Il a l’art et le savoir de captiver l’audience avec son jeu énergique qui ne semble pas prendre une ride. Connu pour sa maîtrise des arpèges les plus complexes du jazz, il a navigué entre des standards du genre et ses compositions originales
La 4e édition de «Médina des Lumières», qui a démarré cette année le 15 mars, sera clôturée aujourd’hui samedi 22 mars. Durant toute la semaine, les habitants tout comme les visiteurs ont savouré une série d’expositions, de conférences, d’animations et de concerts qui célèbrent les joyaux de la Médina de Tunis.

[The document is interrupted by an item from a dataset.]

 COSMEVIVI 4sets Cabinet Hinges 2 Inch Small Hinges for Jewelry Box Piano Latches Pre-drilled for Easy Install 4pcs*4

Le concert du célèbre jazzman tunisien Fawzi Chekili est certes un événement marquant de cette édition. C’est lors de la soirée du 16 mars qu’il a retrouvé le public au cœur de «Dar Hussein», en compagnie de sa fille Selma Chekili au chant et du jeune guitariste Hamza Zeramdini. Le somptueux palais, situé à Bab Mnara et qui abrite aujourd’hui l’Institut national du patrimoine, a été construit au XII siècle et a vu passer de hauts dignitaires des diverses dynasties qui se sont succédé.

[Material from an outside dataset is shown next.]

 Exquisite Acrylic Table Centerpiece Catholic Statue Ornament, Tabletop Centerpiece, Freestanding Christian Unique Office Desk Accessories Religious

La grande salle avec son revêtement de pierre et de marbre luxueux et ses carreaux de céramique éblouissants a pris des allures de scène pour un concert intimiste. Guitariste compositeur et protagoniste hors-pair du jazz en Tunisie, Fawzi Chekili a accompli un long cheminement, jalonné de plusieurs standards et de nombreux albums. Capable de s’exprimer avec une même éloquence dans des styles très variés, sa dextérité et sa créativité ont fait de lui une figure emblématique du genre dont la renommée a dépassé nos frontières. Son influence sur les générations suivantes se confirme par des reprises de ses compositions lors d’événements musicaux de haut niveau, dont récemment le grand concert «La Nuit des Chefs» au Théâtre de l’Opéra à la Cité de la culture de Tunis.
Des notes captivantes
Dès les premières notes, Fawzi Chekili a captivé l’audience avec son jeu énergique qui ne semble pas prendre une ride. Connu pour sa maîtrise des arpèges les plus complexes du jazz, il a navigué entre des standards du genre et ses compositions originales. Au programme, il y avait une sélection de ses morceaux les plus connus : Achtar, Blue Tounsi, Takasim ou encore Selma’ smozaïc. Formidablement entouré, ses notes fusionnent avec celles de Hamza Zeramdini dans une alchimie qui séduit immédiatement le public.
Les deux guitares, avec leurs lignes fluides et leurs harmonies complexes, se sont mêlées à la voix de la chanteuse dans son interprétation toute personnelle, ajoutant sa touche à chaque titre. Actrice, réalisatrice et musicienne confirmée, Selma Chekili a repris avec son style unique des chansons célèbres de cette musique où le son, le rythme et l’improvisation sont mis à l’honneur. “ Ev’ry time we say good bye” de Ella Fitzgerald, “Not for me” de Chet Baker, “I’m in the mood for love”, “Heaven in your eyes” et bien d’autres se sont succédé générant un tonnerre d’applaudissements.
Les artistes se répondent, se complètent, formant un trio parfait où chaque improvisation semble fluide et instinctive. Le fait que Selma Chekili a partagé la scène avec son père est particulièrement touchant, apportant une dimension émotionnelle supplémentaire au concert. Une complicité naturelle est perceptible dans chaque geste, chaque regard échangé entre le jazzman et sa fille. Leur performance est un dialogue où la musique devient plus qu’un simple art : au-delà des notes et des rythmes, elle raconte une histoire de transmission, d’héritage et de partage.
Le public, en outre, ne peut qu’être emporté par cette énergie chaleureuse qui émane de cette relation filiale, ce qui a rendu le concert encore plus émouvant et captivant. Une chose est sûre, le génie de Fawzi Chekili est intemporel. Quelques décennies en arrière, il se produisait sur les scènes les plus prestigieuses en Tunisie dont Carthage et Hammamet.
Aujourd’hui, ses concerts se font de plus en plus rares. On peut blâmer en premier lieu la dégringolade du goût musical d’une manière générale avec cette vague de pseudos artistes qui s’emparent même des grands festivals. On voudrait quand même voir Fawzi Chekili ainsi que d’autres grands noms qui ont façonné la scène musicale actuelle au centre de la programmation des grands événements culturels. Les mélomanes confirmés ont certainement hâte de les retrouver et les nouvelles générations doivent impérativement découvrir ou redécouvrir leurs œuvres.